INPUT DATA →
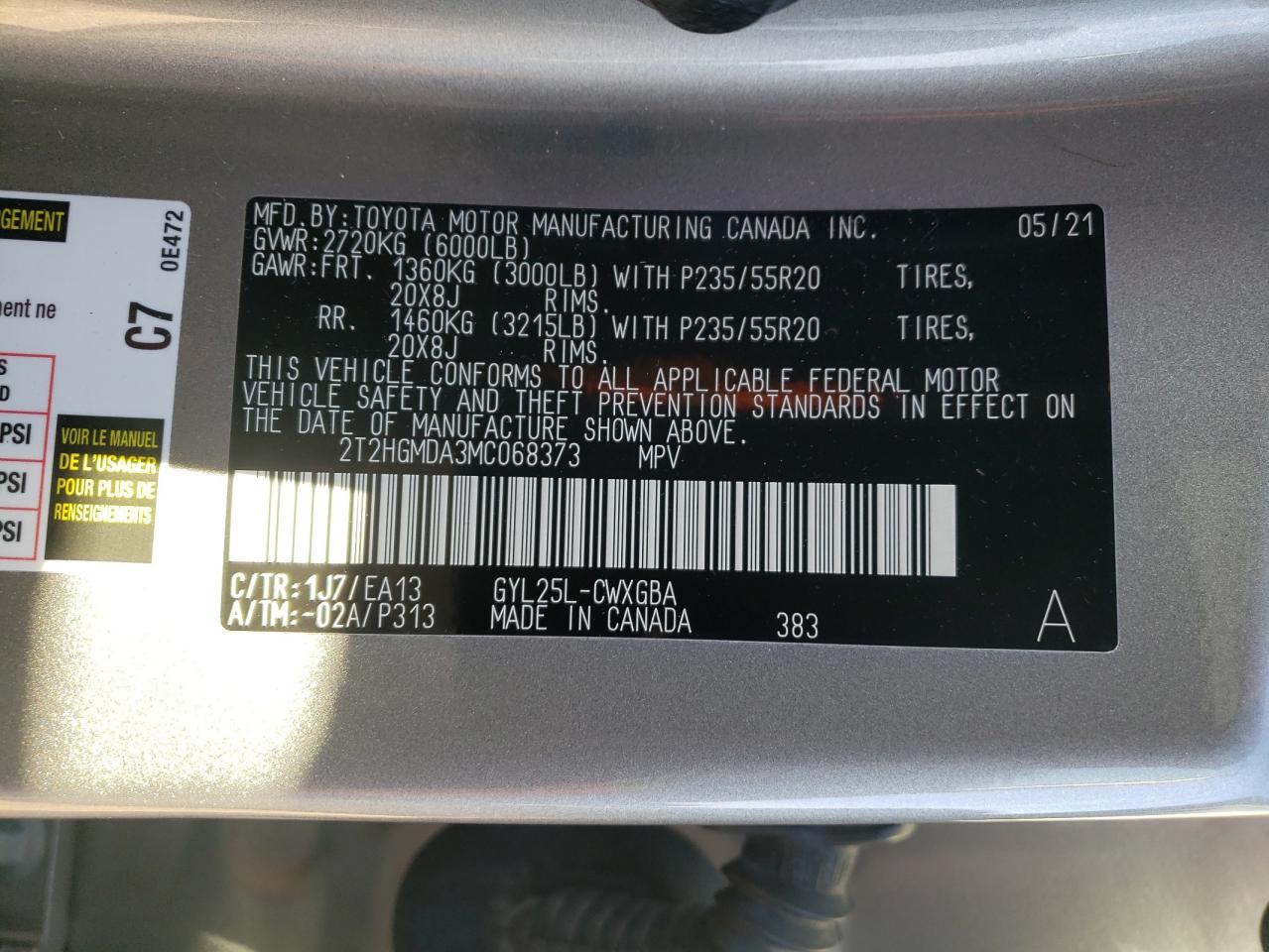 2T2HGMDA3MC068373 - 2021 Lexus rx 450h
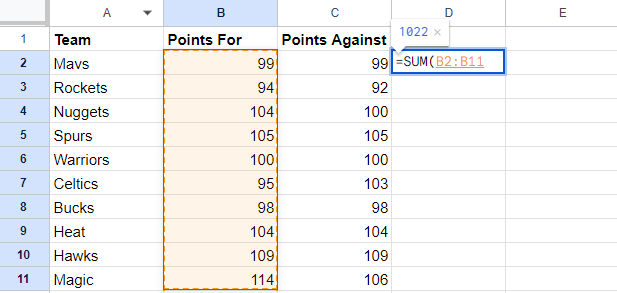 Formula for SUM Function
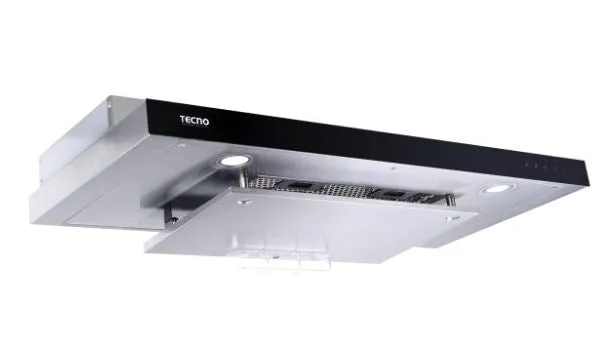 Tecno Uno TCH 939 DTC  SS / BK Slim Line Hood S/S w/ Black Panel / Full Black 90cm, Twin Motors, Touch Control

WHAT NEEDS TO BE DONE →
Make an exact copy of the listing, with no images in it.

EXERCISE RESULT →
 2T2HGMDA3MC068373 - 2021 Lexus rx 450h
 Formula for SUM Function
 Tecno Uno TCH 939 DTC  SS / BK Slim Line Hood S/S w/ Black Panel / Full Black 90cm, Twin Motors, Touch Control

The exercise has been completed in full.